Intellectually, they may “know” that they are safe, but their body does not feel that way or believe they are safe because the person they love and/or used to care for them is no longer there to hold and love them.

There are seven guidelines that will help them by providing ways for them to see we accept them and care for their needs. Once they feel safe and understand that we care very much for them, they can relax and begin learning to regulate their emotions. 

1.        The first guideline is the most fun. You are encouraged to do all of these with your child.  Asking them or telling them to do these does not help them regulate their emotions. When you do these with your child, you model what you want them to do.  Doing these with them also bonds you closer to your child.

2.        The second guideline is a loving touch. This is the most important source of dopamine and serotonin release in a person’s brain. It helps the child believe that he/she is safe and lays the foundation of positive emotional regulation. A great example of this is to offer to hold your child’s hand as you talk to them.

3.        Calming words is the third guideline. As you use calm words with a calm voice, your own regulated emotions help them calm down.

4.        The fourth guideline is to match your calming words with a smile or other gentle facial expressions.  A gentle smile and kind eyes are the key. Stern, disappointed, or even neutral facial expressions matched with gentle words will give your children mixed messages and create doubt and feelings of insecurity.

5.        The fifth guideline is we want them to feel they are accepted for who they are and what they are feeling at this moment… no matter what. Your children need to be reminded they are loved & respected and that you are willing to meet them where they are:

…. Hurting, but not knowing what is hurting or why.

… Lonely, even though they are in the midst of people around them.

…. Abandoned, even though their caretaker is right there with them.

We know there are many other emotions and feelings. They know the feelings and emotions might not make sense, but they still feel them, and they still experience them. 
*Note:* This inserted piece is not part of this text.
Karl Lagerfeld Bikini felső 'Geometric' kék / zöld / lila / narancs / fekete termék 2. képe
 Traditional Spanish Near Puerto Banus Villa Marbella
6.        The sixth guideline is to list with your child the activities that help him/her calm down and relax. If music helps them, then choose slow music to start out with. If drawing helps them, draw a feeling they are experiencing. They can also make up a positive story about that feeling. The story should have a hero, the hero’s special power, and a villain. The story can be about how the hero uses his/her superpower to fight the villain and overcome his/her feelings and WINS!  If exercise helps, then start out with a slow exercise, They can then increase their speed of exercising and then finish with slow stretching. If dance helps them, dance together throughout the room or even the house!

7.        The last guideline, believe it or not, is food. Foods can either encourage the calming and emotional healing process or complicate the process: Too much sugar and/or too many simple carbohydrates without protein can give a child a lot of energy, followed by a sugar crash. This will almost guarantee an emotional “crash” and difficulties in regulating emotions. There is quite a lot of literature on various food color dyes and how they contribute to a child’s hyperactivity and complicate their ability to process their emotions and feelings clearly.

These activities are wonderful at helping you to show your child and teach your child how to regulate emotions and feelings better.  As you take care of yourself and do these with your child,  you will show them how important it is to do this to heal through the grief, and heal together.